Barack Obama is making the Russian president happy.
Russian President Dmitry Medvedev warned on Tuesday against attempts to impose Western values on the Arab world, praising US President Barack Obama’s recent efforts to reach out to the Muslims.
“There is something to learn from the Arab world,” Medvedev said in an adress at the headquarters of the Arab League in Cairo.
“And therefore mentorship, or democraticising, or all the more so direct involvement from the outside is asolutely unacceptable, in our opinion,” he said in remarks seen as thinly veiled criticism of the previous US administration.

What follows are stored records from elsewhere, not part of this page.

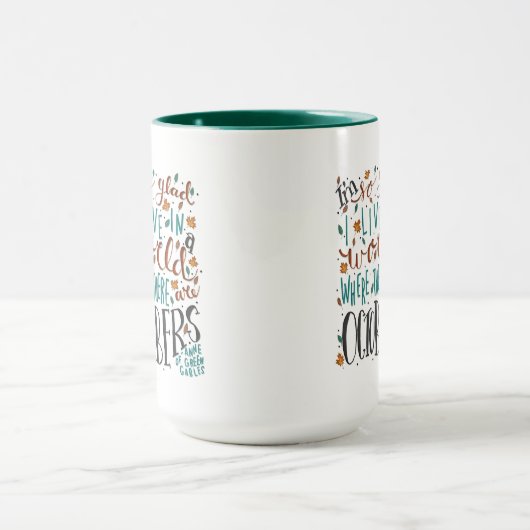 だから喜んで10月の引用文マグ マグカップ (中央)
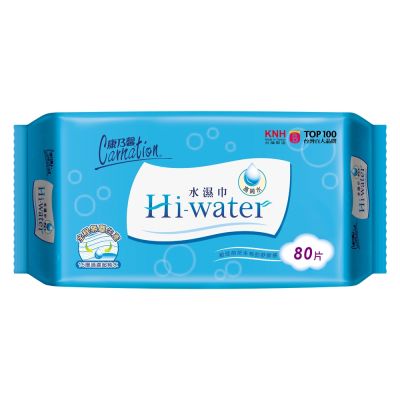 康乃馨 Hi-Water水濕巾 80片x12包/箱【2箱組】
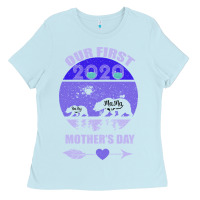 Baby Blue Our First Baby Mama Mother s Day Ladies Tee - Bettercallsaul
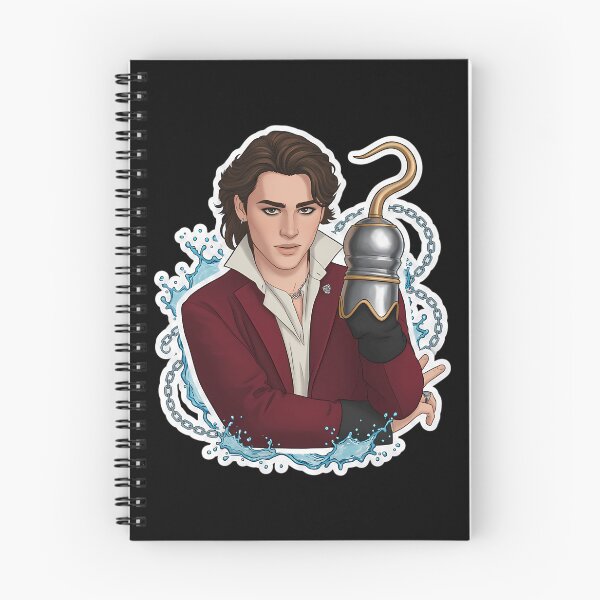 Item preview, Young Hook Captain At Merlin Academy - Descendants 4 Rise Of Red designed and sold by CaroniCreatives.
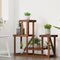 vidaXL - Plantenstandaard - 90x25x73,5 - cm - massief - vurenhout
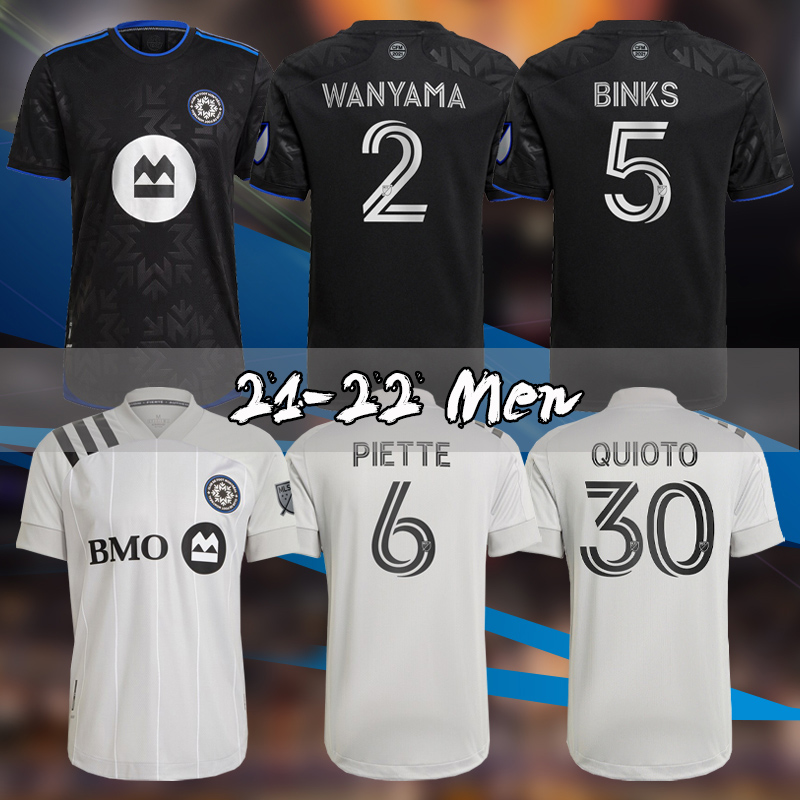 

NEW 2022 Club de Foot Montréal HOME CF MONTREAL SOCCER JERSEYS Impact 21 22 AWAY WANYAMA MIHAILOVIC PIETTE QUIOTO MLS FOOTBALL SHIRT, Black;yellow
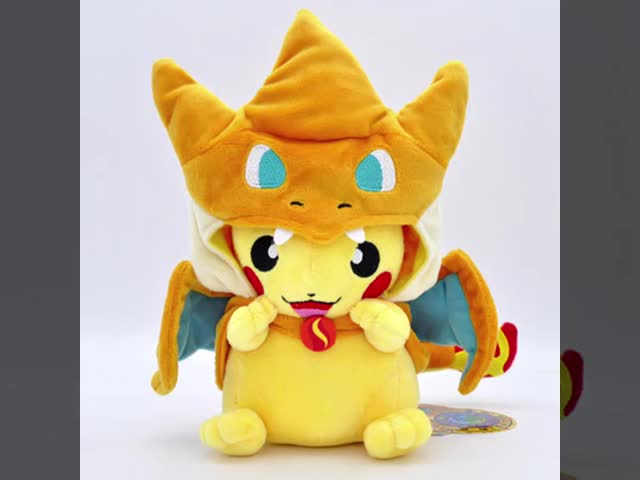 Фигурки CPSIA супер мягким PP заполненные хлопком Pikachu видео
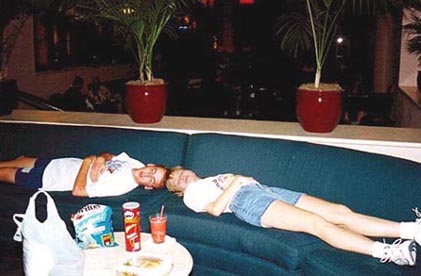 Sleeping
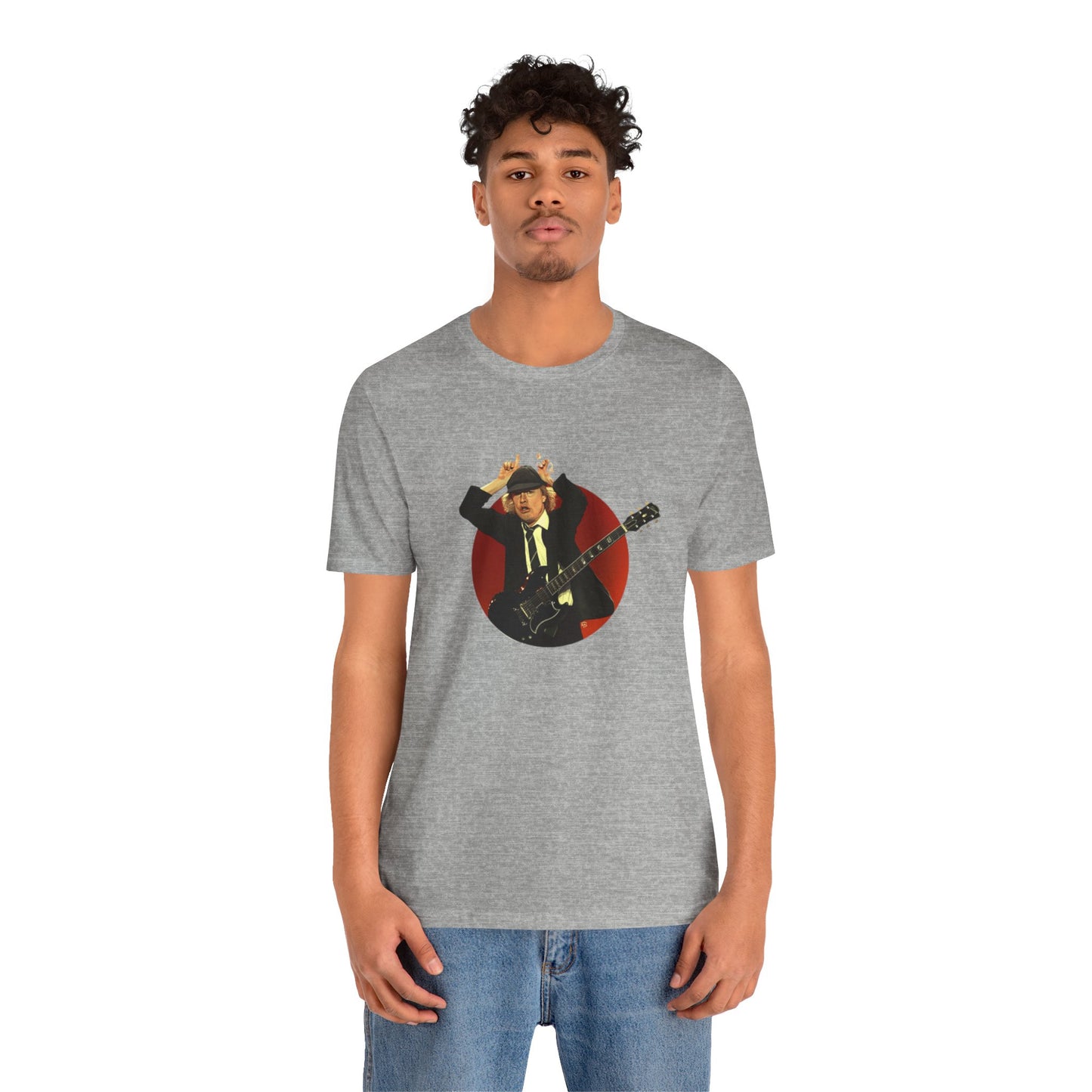 Angus Young AC/DC Graphic Tee | Rock Band Unisex T-Shirt | Classic Concert & Guitar Shirt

“And understanding of this is growing in the world,” Medvedev said, adding that Obama’s speech in Cairo earlier this month provided evidence to that.

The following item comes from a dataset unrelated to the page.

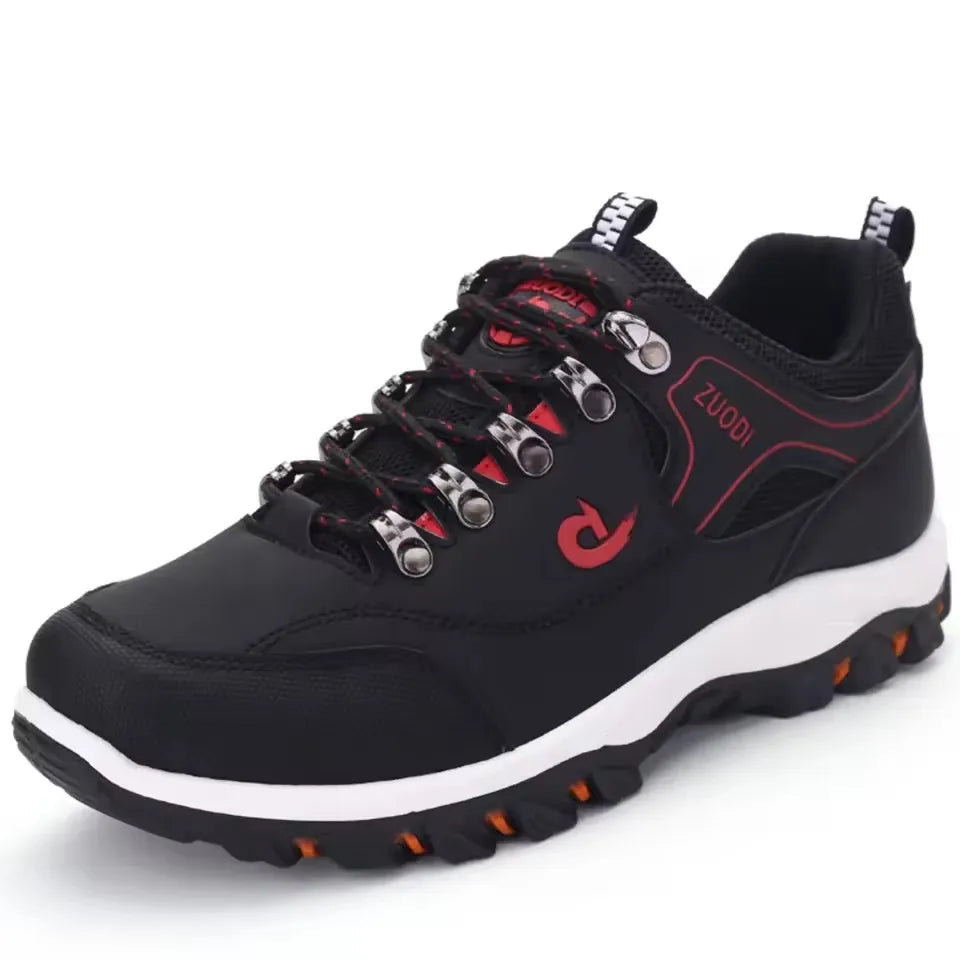 Men's Leather Casual Sneakers – Lightweight Walking Shoes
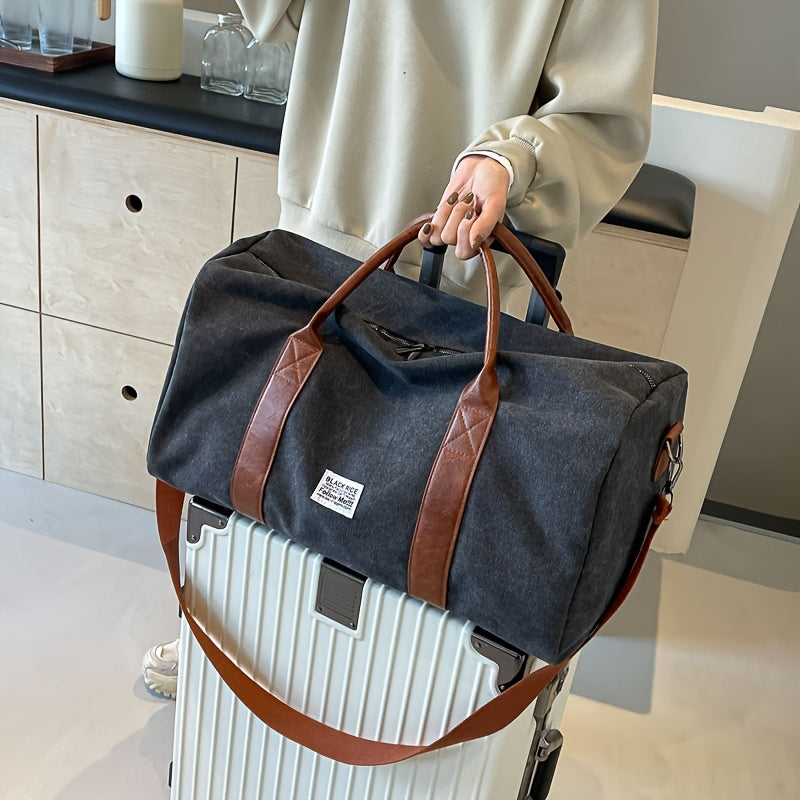 Large Capacity Vintage Washed Travel Duffel Bag - Multi-Purpose Organizer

I’m so happy our president is making the Russians happy. Why, Hugo Chavez is about to jump on the Obama bandwagon after his stance on Honduras, and the Arab kings and dictators are already pretty happy with Obama’s submissive speech in Cairo. All that’s left is for Obama to somehow figure out a way to appease North Korea, Iran, and Syria and he’ll have all those dictator ducks in a row, thus showing the conservatives of the world that they were wrong to think that you can’t work with people who don’t believe in basic human freedoms.
As for the Russian respect for the Muslim world, well, see “Chechen, wars of” for the rank hypocrisy of Medvedev’s statements. Then read this fact:
Medvedev also said Russia was an “inalienable part” of the Muslim world and was keen to cooperate with the Arab countries in the future.

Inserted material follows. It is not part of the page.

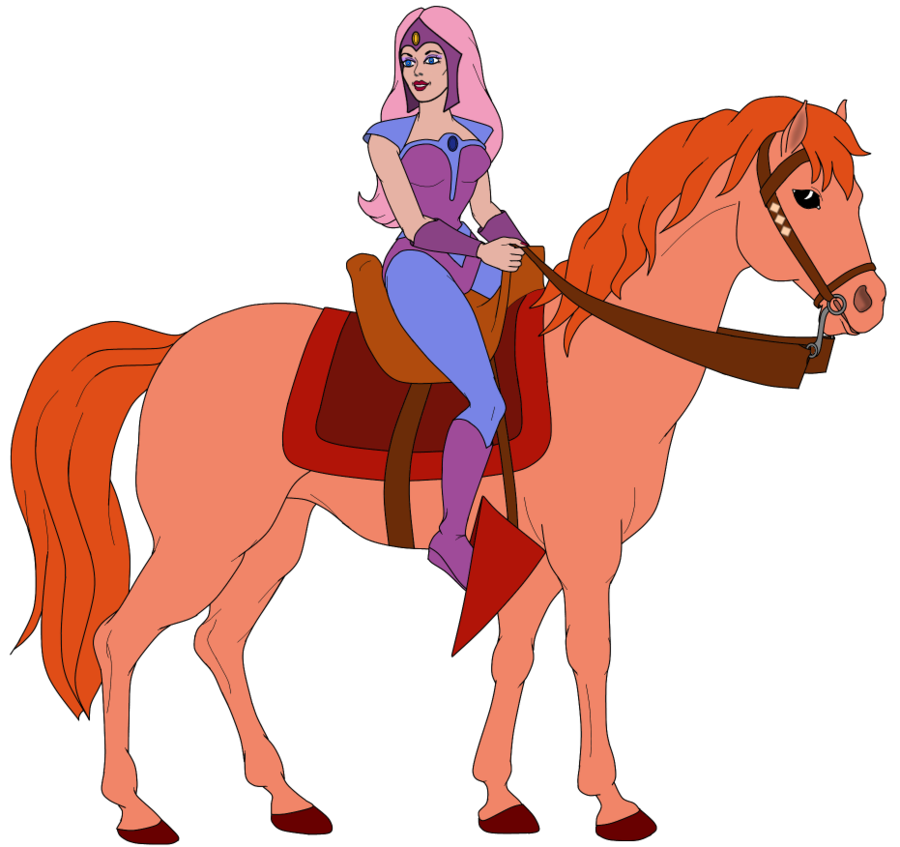 Glimmer on horseback...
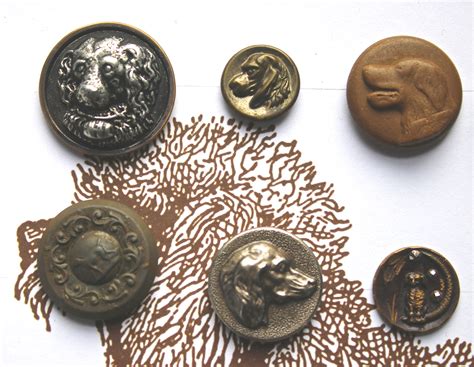 Antique Buttons With Dogs And Other Animals Collectors Weekly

Earlier Tuesday, he signed a 10-year strategic cooperation pact with Mubarak, with both nations saying there were committed to the “building of a new multipolar world order, which will be more democratic, fair and safe for all countries.”
No, that’s not it. This is.
With trade of 4.1 billion dollars last year, Egypt is Russia’s largest commercial partner in Africa.
Russia has also expressed interest in a 1.5 billion-1.8 billion-dollar tender to construct Egypt’s first atomic power station, which would resume the country’s nuclear programme after a 20-year freeze.
That Cairo speech just keeps on giving dividends. To everyone but Israel, of course.